Когда Николай вернулся, Евсеич уже поил водой своих лошадок.
– Пей, пока не остыла! Ну, будет, будет, другим оставь, – поглаживая морду или шею каждой красавицы, ласково приговаривал он. И тут же, не поворачивая головы к людям, повелительно распоряжался: – Чего тянете? Есть пора! Кипяток стынет!
С того первого утра так и повелось: как только станция, так всем, у кого ноги целы, Евсеич разнарядку даёт… Постоянная забота этого человека о них, совсем ещё молодых людях, уже успевших увидеть страшный оскал войны, казалась совершенно неожиданной и в то же время счастливым случаем. Что–то тёплое, семейное витало в холодном воздухе товарного вагона, где нашли временный приют четверо искалеченных солдат, возвращавшихся
в родные места.
Пожалуй, впервые за последние годы Николай почувствовал такую заботу о себе. Глядя на Евсеича, ласково величавшего всех сынками, он всё чаще думал о родных. Больше всего – об отце. Помнил он их с матерью плохо, хотя, когда родителей не стало, было мальчику десять лет. Время стёрло их лица, но память бережно сохранила не черты, а скорее детские ощущения. Отец, в представлении сына, был высоким, руки были сильными, жилистыми, с шершавыми от работы ладонями. Мать, которую Коля никогда не видел сидящей без дела, наоборот, была маленькой, подвижной, и руки у неё всегда были мягкими, тёплыми и пахли как–то по–особому – домом, хлебом, молоком. Коля любил и ждал прикосновения родительских рук, и мягкой – материнской, и жесткой – отцовской…
Состав, побеждая расстояние, всё мчал и мчал на восток. И вот уже заветная цель совсем близко: где–то там, позади, остались Уральские горы.
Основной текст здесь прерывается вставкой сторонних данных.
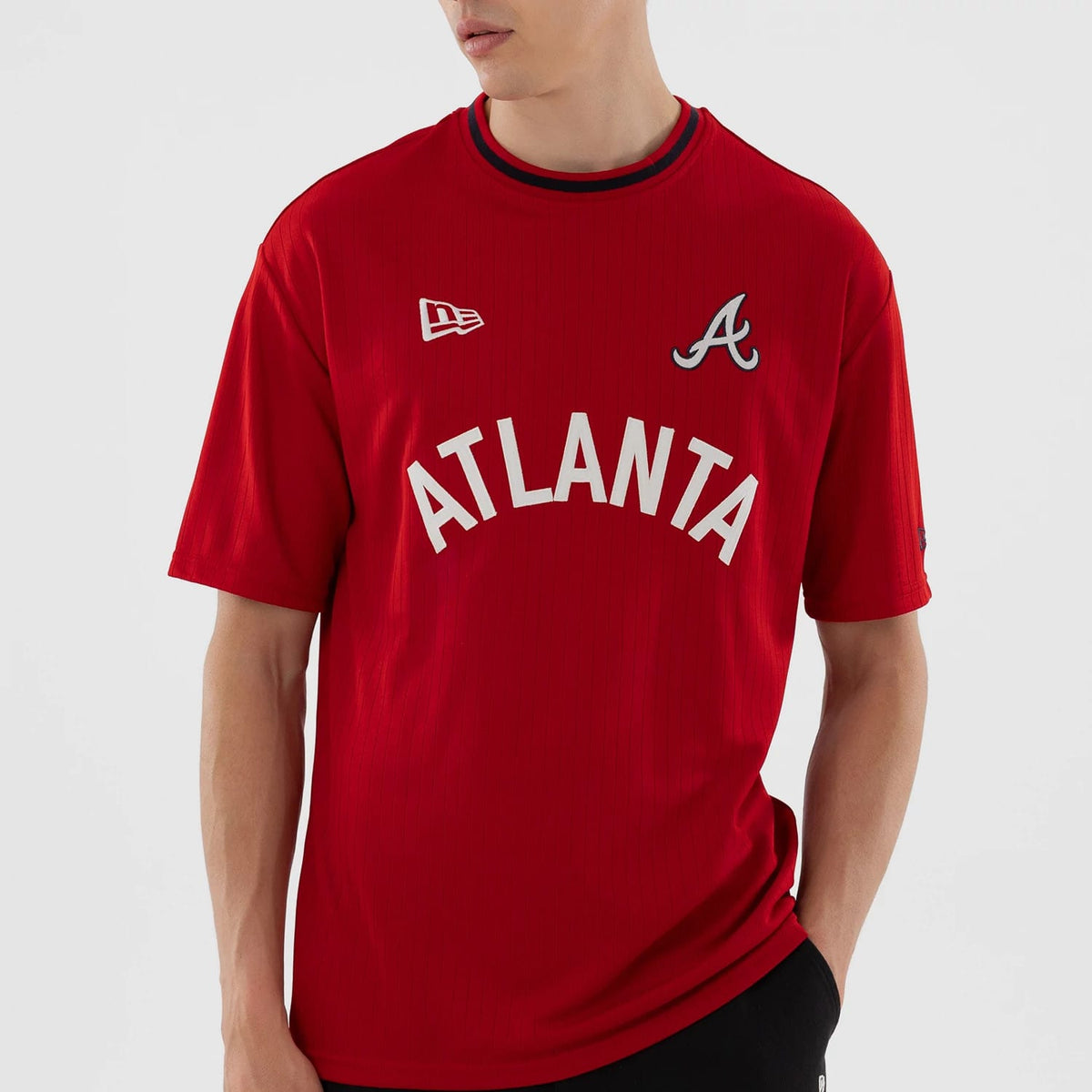 The model is wearing this MLB Atlanta Braves Oversized T-Shirt in red. 5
Поезд, набирая скорость, преодолевал просторы Сибирской равнины.
Все попутчики уже успели узнать, кто из них воевал в пехоте, кто в артиллерии, кто сражался с фашистами под бронёй танка. Они, совсем недавно видевшие смерть
в лицо, пока ещё мыслями своими были там, на передовой, где остались воевать их однополчане. И странным, несправедливым казалось Николаю, что ни он и ни один из его попутчиков уже никогда не сможет вернуться в строй. Ни девятнадцатилетний молчун Никита, стонущий во сне от невыносимой боли в ноге, которой у него уже больше нет, ни ровесник Никиты – одноглазый балагур Петька, ни самый старший из них – степенный Григорий, двадцати пяти лет от роду, старательно прячущий под ремень пустой рукав. Да и он, Николай, хоть и сохранили ему военные хирурги перебитую в локте руку, ничего ею делать уже не сможет: так и висит его правая рука, как плеть.
Какой уж из него вояка! Себя бы научиться одной рукой обслуживать!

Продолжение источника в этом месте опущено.